Re: [PATCH drm-next v2 04/16] maple_tree: add flag MT_FLAGS_LOCK_NONE

Danilo Krummrich <dakr@xxxxxxxxxx> · Mon, 27 Feb 2023 18:39:33 +0100

On 2/21/23 19:31, Matthew Wilcox wrote:
On Tue, Feb 21, 2023 at 03:37:49PM +0100, Danilo Krummrich wrote:
On Mon, Feb 20, 2023 at 08:33:35PM +0000, Matthew Wilcox wrote:
On Mon, Feb 20, 2023 at 06:06:03PM +0100, Danilo Krummrich wrote:
On 2/20/23 16:10, Matthew Wilcox wrote:
This is why we like people to use the spinlock embedded in the tree.
There's nothing for the user to care about.  If the access really is
serialised, acquiring/releasing the uncontended spinlock is a minimal
cost compared to all the other things that will happen while modifying
the tree.

I think as for the users of the GPUVA manager we'd have two cases:

1) Accesses to the manager (and hence the tree) are serialized, no lock
needed.

2) Multiple operations on the tree must be locked in order to make them
appear atomic.

Could you give an example here of what you'd like to do?  Ideally
something complicated so I don't say "Oh, you can just do this" when
there's a more complex example for which "this" won't work.  I'm sure
that's embedded somewhere in the next 20-odd patches, but it's probably
quicker for you to describe in terms of tree operations that have to
appear atomic than for me to try to figure it out.

Absolutely, not gonna ask you to read all of that. :-)

One thing the GPUVA manager does is to provide drivers the (sub-)operations
that need to be processed in order to fulfill a map or unmap request from
userspace. For instance, when userspace asks the driver to map some memory
the GPUVA manager calculates which existing mappings must be removed, split up
or can be merged with the newly requested mapping.
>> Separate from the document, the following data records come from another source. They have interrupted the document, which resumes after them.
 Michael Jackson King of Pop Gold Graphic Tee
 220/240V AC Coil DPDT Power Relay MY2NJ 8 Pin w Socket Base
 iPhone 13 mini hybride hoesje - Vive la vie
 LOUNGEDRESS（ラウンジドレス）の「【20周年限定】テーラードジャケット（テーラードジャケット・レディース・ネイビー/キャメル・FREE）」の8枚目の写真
A driver has two ways to fetch those operations from the GPUVA manager. It can
either obtain a list of operations or receive a callback for each operation
generated by the GPUVA manager.

In both cases the GPUVA manager walks the maple tree, which keeps track of
existing mappings, for the given range in __drm_gpuva_sm_map() (only considering
the map case, since the unmap case is a subset basically). For each mapping
found in the given range the driver, as mentioned, either receives a callback or
a list entry is added to the list of operations.
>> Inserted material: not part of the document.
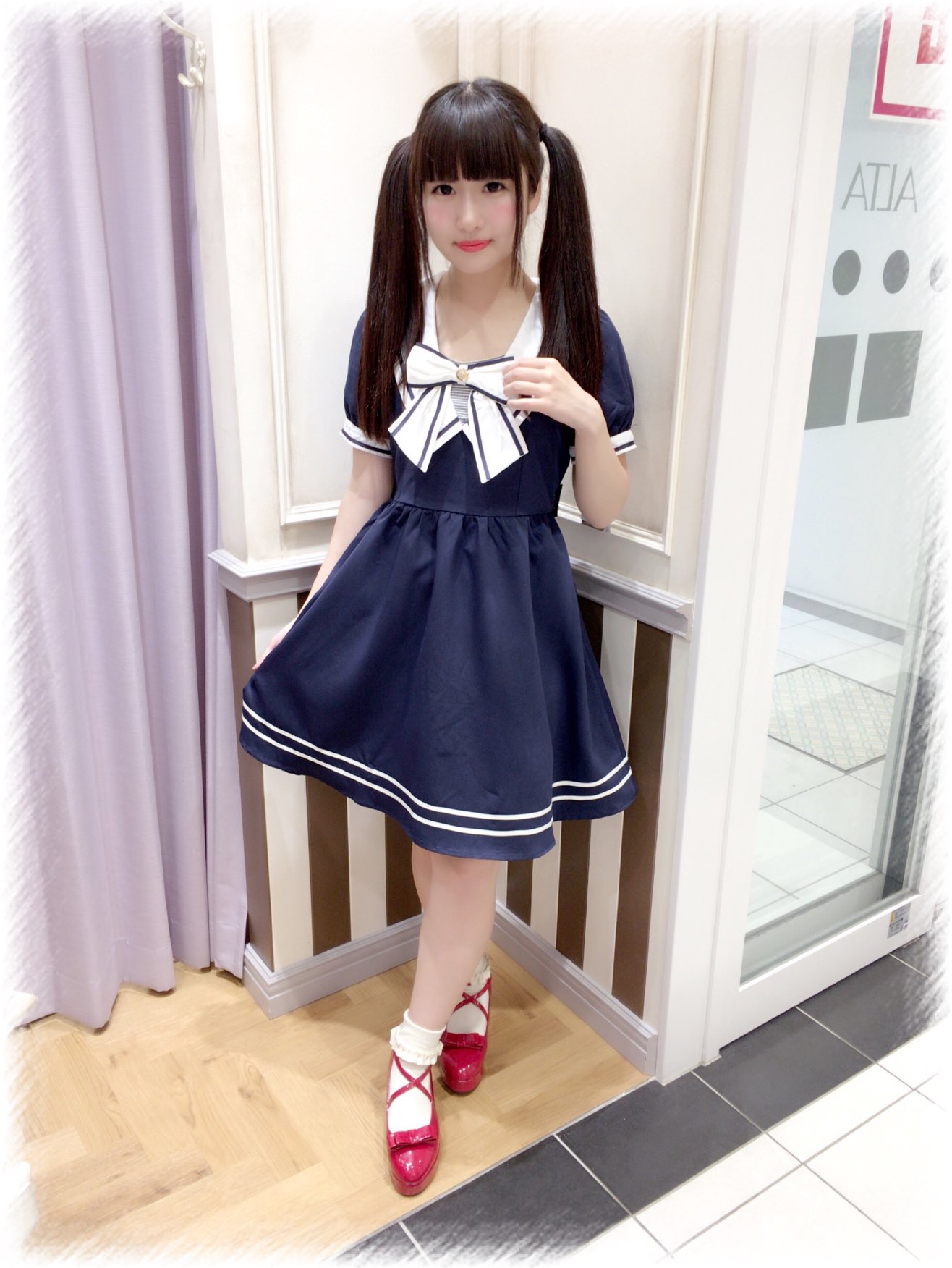 Amavel セーラーワンピース Cna Gob Bo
Typically, for each operation / callback one entry within the maple tree is
removed and, optionally at the beginning and end of a new mapping's range, a
new entry is inserted. An of course, as the last operation, there is the new
mapping itself to insert.

The GPUVA manager delegates locking responsibility to the drivers. Typically,
a driver either serializes access to the VA space managed by the GPUVA manager
(no lock needed) or need to lock the processing of a full set of operations
generated by the GPUVA manager.

OK, that all makes sense.  It does make sense to have the driver use its
own mutex and then take the spinlock inside the maple tree code.  It
shouldn't ever be contended.

In either case the embedded spinlock wouldn't be useful, we'd either need an
external lock or no lock at all.

If there are any internal reasons why specific tree operations must be
mutually excluded (such as those you explain below), wouldn't it make more
sense to always have the internal lock and, optionally, allow users to
specify an external lock additionally?

So the way this works for the XArray, which is a little older than the
Maple tree, is that we always use the internal spinlock for
modifications (possibly BH or IRQ safe), and if someone wants to
use an external mutex to make some callers atomic with respect to each
other, they're free to do so.  In that case, the XArray doesn't check
the user's external locking at all, because it really can't know.

I'd advise taking that approach; if there's really no way to use the
internal spinlock to make your complicated updates appear atomic
then just let the maple tree use its internal spinlock, and you can
also use your external mutex however you like.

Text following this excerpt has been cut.